At issue in the legislative proposals is the “utilization rate” that Medicare uses as part of their formula to determine reimbursements for diagnostic scans. The current rate is set at 50 percent, meaning – for reimbursement purposes – imaging equipment at a given facility is assumed to be in use 50 percent of the time the facility is open for business. According to a report by the Radiology Business Management Association, that assumption tracks pretty closely with actual utilization at both rural and urban imaging centers across the country.
President Obama has proposed increasing this utilization rate assumption to 95 percent. Some in Congress have proposed a slightly less severe increase, but an increase nonetheless. Under these higher proposed rates, the vast majority of imaging centers will see drastic cuts in their reimbursements from Medicare.
This would have a particularly severe impact on rural populations. According to the Office of Management and Budget, Washington state has 1,063,000 residents living in rural areas. These are the people who will feel the cuts most acutely. Unfortunately, these rural residents are the very people for whom access is already limited.
How exactly will they be impacted? A recent study by the American College of Radiology found that a 25 percent reduction in Medicare payments would force 21 percent of imaging centers to consider closing their doors, and 31 percent to consider scaling back their hours.
This study demonstrates just how unattainable the proposed 95 percent utilization rate is: More than a million Washington residents may be forced to travel long distances, or wait in long lines, as the imaging center currently operating in their area is forced to close or cut hours.
As a radiologist serving Washington state, I see hundreds of cases each year where patients are suffering from diseases and ailments and cannot afford delays in diagnoses, treatments or crucial screenings to monitor their progress.
Washington is already plagued by a significant geographic disparity in terms of health care delivery, measured by comparing mortality rates of each county. The United Health Foundation ranked Washington in the bottom 20 in this category. Our state’s rural population simply cannot afford policy decisions that put them at an even greater health disadvantage to other parts of the state.
Potentially more devastating, there is another proposal in some versions of health care reform legislation that would threaten imaging services. Some in Congress are proposing to levy a hefty tax on medical device and diagnostic products – another hit to imaging that would greatly stifle medical innovation and limit patient access to life-saving diagnostic scans.

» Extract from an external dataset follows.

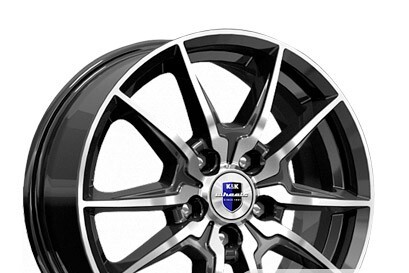 КиК Адамар-Оригинал ET38 56.6 BFP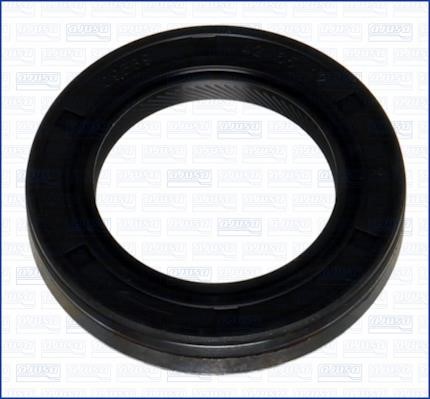 Wilmink Group WG1163111 Oil seal crankshaft front WG1163111: Buy near me in Poland at 2407.PL - Good price!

These proposed cuts are piled on top of Medicare cuts already made to medical imaging reimbursement as part of the Deficit Reduction Act of 2005 (DRA) – cuts that are impacting the availability of imaging services, especially in rural practices.

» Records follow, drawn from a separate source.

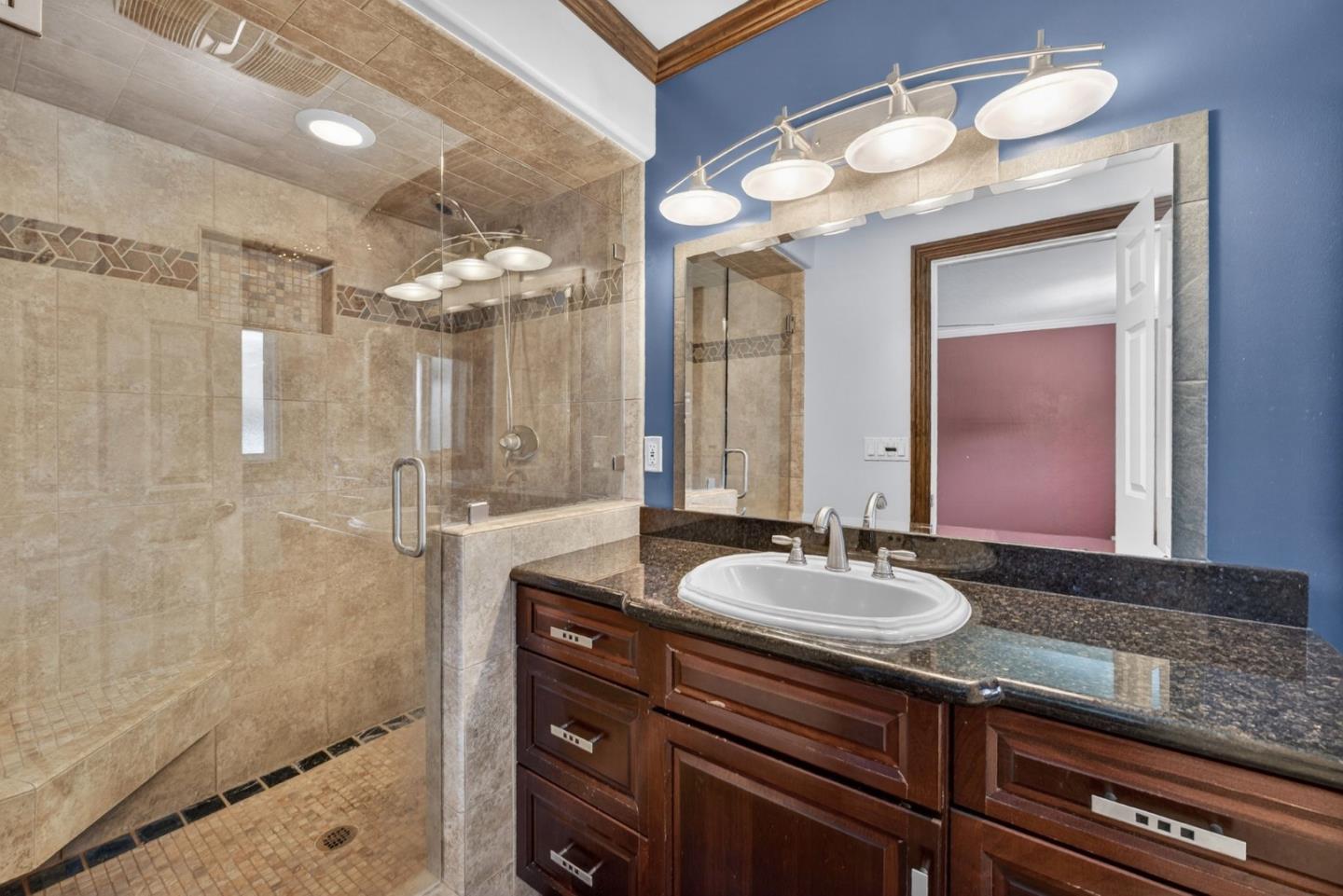 3950 Meridian Avenue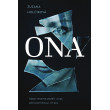 Ona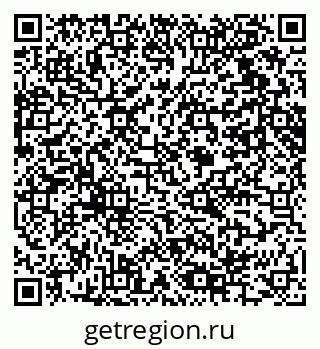 79061614826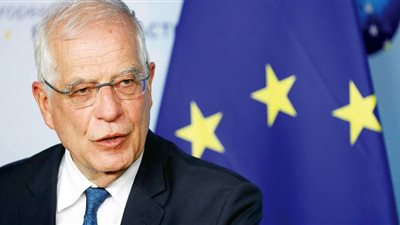 الاتحاد الأوروبي: استئناف تصدير الحبوب الأوكرانية مسألة حياة أو موت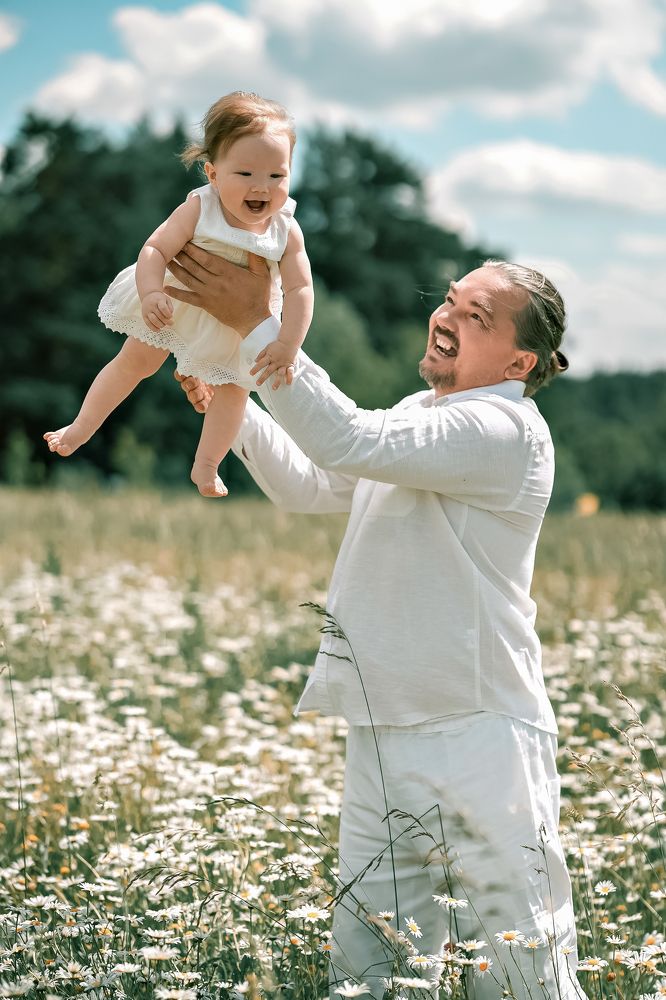 Photograph by Алла Чуракова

According to the Government Accountability Office (GAO), in 2007 alone, $1.64 billion was cut in reimbursements for advanced imaging services, such as CT scans and MRIs that so many seniors rely on for early diagnosis and effective treatment of disease.

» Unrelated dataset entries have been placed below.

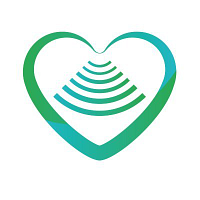 British Society of Echocardiography logo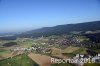 Luftaufnahme Kanton Zuerich/Otelfingen - Foto Otelfingen 7593
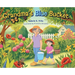 Grandma's Blue Bucket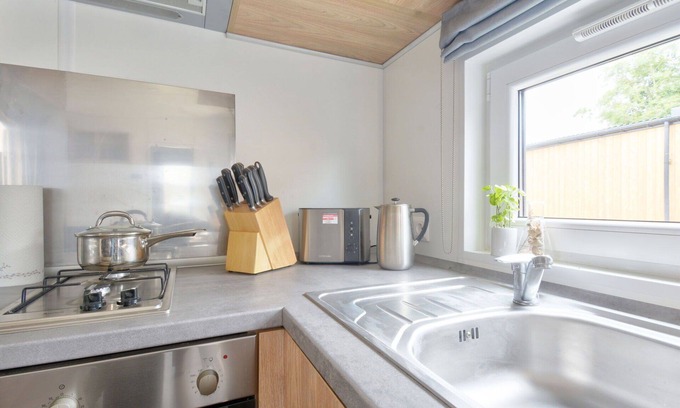 Beilngries House | Beautiful apartment in villa for 4 guests with WIFI, TV, pets allowed and parking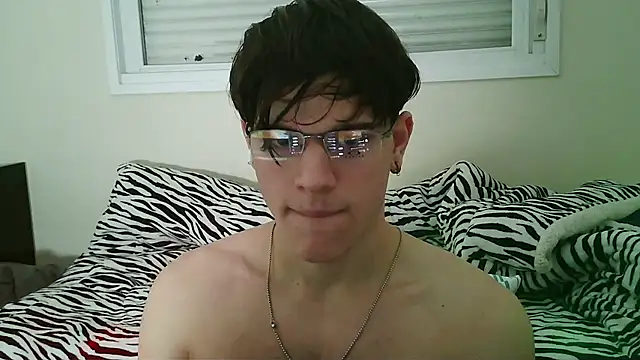 vitorsafado19 online show from June 13, 3:59 am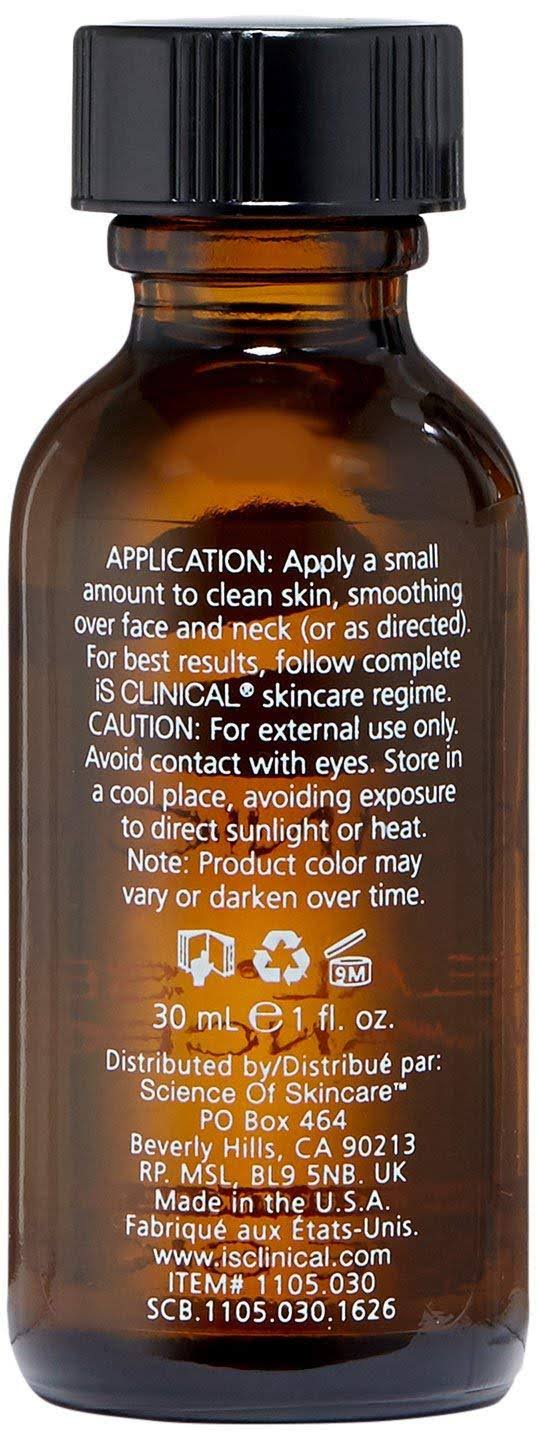 1 fl oz Pro-Heal Serum A207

Every patient whose life has been saved by medical imaging can attest to the incredible value medical imaging offers and justify not only its costs, but its necessity. Numerous patients have spoken about the incredible impact medical imaging has had on their lives and the effectiveness of their treatments.
As a doctor, my primary concern is with the diagnosis and treatment of my patients and providing them with the best possible course of action to bring about the best possible outcomes. Medical imaging is often a key part of ensuring patients receive proper diagnosis and the top-notch level of care they deserve.
Severely limited access to life-saving advanced imaging technology – in particular for Medicare beneficiaries – would be an unintended and unfortunate consequence of current reform efforts. I urge lawmakers to seriously consider these consequences before including drastic funding cuts and levying onerous excise taxes.
Dr. Mark Yuhasz of TRA Medical Imaging lives in Gig Harbor.